→ Problem description:
Please write out the whole listing that follows exactly; the pictures stay out.

→ Data block:

****

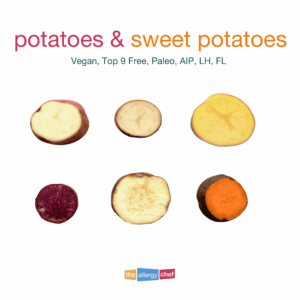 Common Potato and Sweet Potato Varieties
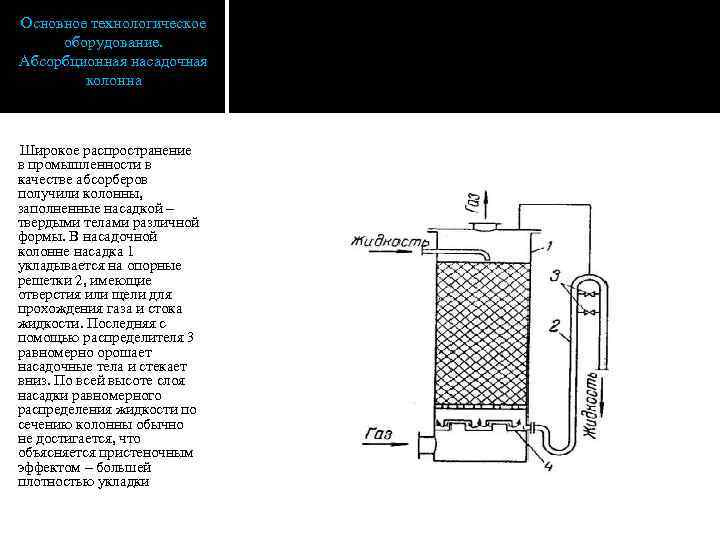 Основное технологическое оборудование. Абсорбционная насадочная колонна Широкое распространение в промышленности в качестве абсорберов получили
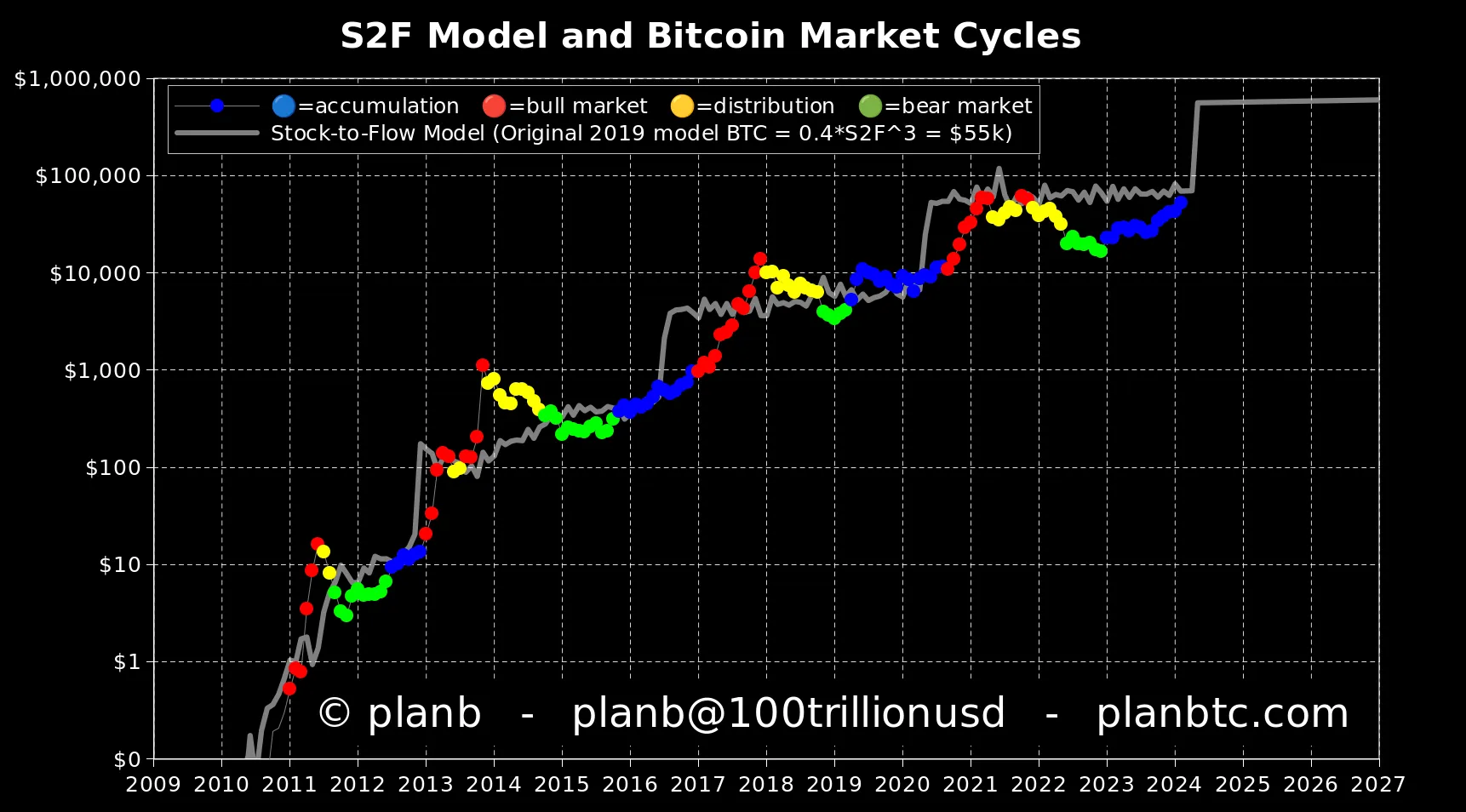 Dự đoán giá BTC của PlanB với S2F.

****

→ Solution for this exercise:
 Common Potato and Sweet Potato Varieties
 Основное технологическое оборудование. Абсорбционная насадочная колонна Широкое распространение в промышленности в качестве абсорберов получили
 Dự đoán giá BTC của PlanB với S2F.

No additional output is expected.